Islands as Islands. In most cases, the authors took the integrity of the insular space for granted. In other words, even when contributors considered the coastal islands like those along the Adriatic littoral of Croatia, the islands themselves remained the primary interpretative lens through which to understand the history of settlement in the Late Roman period. It is assumed, for example, that the Cyclades or the islands of the southern Adriatic enjoyed similar historical trajectories, which is fair enough, but that these played out in similar ways over the varying landscapes. 

Island Refuges. Anyone who has worked on Late Roman Greece has undoubtedly thought a bit about Sinclair Hood’s famous “islands of refuge” theory.

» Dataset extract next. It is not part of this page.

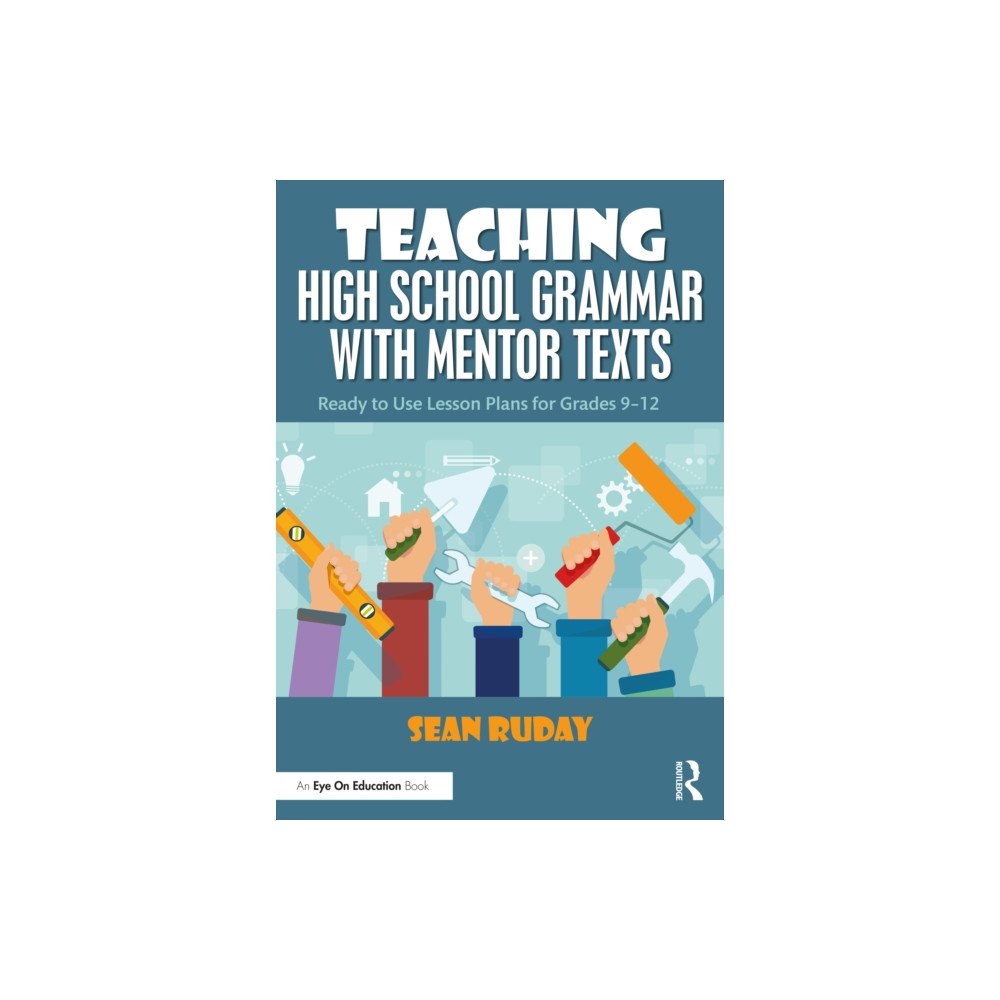 Taylor & francis ltd Teaching High School Grammar with Mentor Texts (häftad, eng)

He argues that small islands near the coast often served as refuges for a cowering population faced with the Slavic depredations of the 6th century. By the mid-1990s, scholar had begun to challenge Hood’s arguments and instead suggested that coastal islands in the Saronic and the Gulf of Corinth were the opposite of refuges. Instead, these islands represented a last gasp of economic expansion where mainland dwellers sought to utilize marginal lands – such as the waterless and desolate near coastal islands – to feed their flocks and to engage in other activities best conducted at a distance from more productive lands. This interpretation accounts for the significant quantities of Late Roman ceramics often found on these islands and the presence of church, cisterns, and other buildings perhaps best suited to the needs of a season community. Whatever the interpretation, these islands were understood in a context that depended, at least in part, on the nearby mainland and their insularity was less a concern per se, than the absence of water and limited vegetation. 

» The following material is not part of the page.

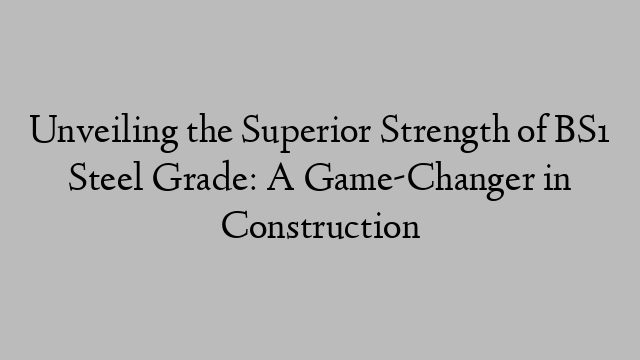 Unveiling the Superior Strength of BS1 Steel Grade: A Game-Changer in Construction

Churches. At one point, I had considered including the Cyclades in my dissertation which I ultimately decided to confine to the mainland of southern and central Greece. I am glad that I didn’t do that. The Cyclades have well over 100 known churches. Islands have so many churches and both Crete and Cyprus have over 100 as well. The density of church building across a diverse range of island communities in the Eastern Mediterranean (simply because am not sufficiently familiar with the island of the Western Mediterranean) clearly mark economic prosperity as well as the emergence of new religious and political institutions across the region. If these buildings reflect the needs of congregations (either as space of worship or as a expressions of piety by other means), there is reason to suspect a diversity of communities both on the larger islands of Cyprus and Crete, and across the smaller islands of the Aegean. Whether this reflects fragmented identities on these islands that either complement or complicate notions of a larger insular identity is difficult to know.     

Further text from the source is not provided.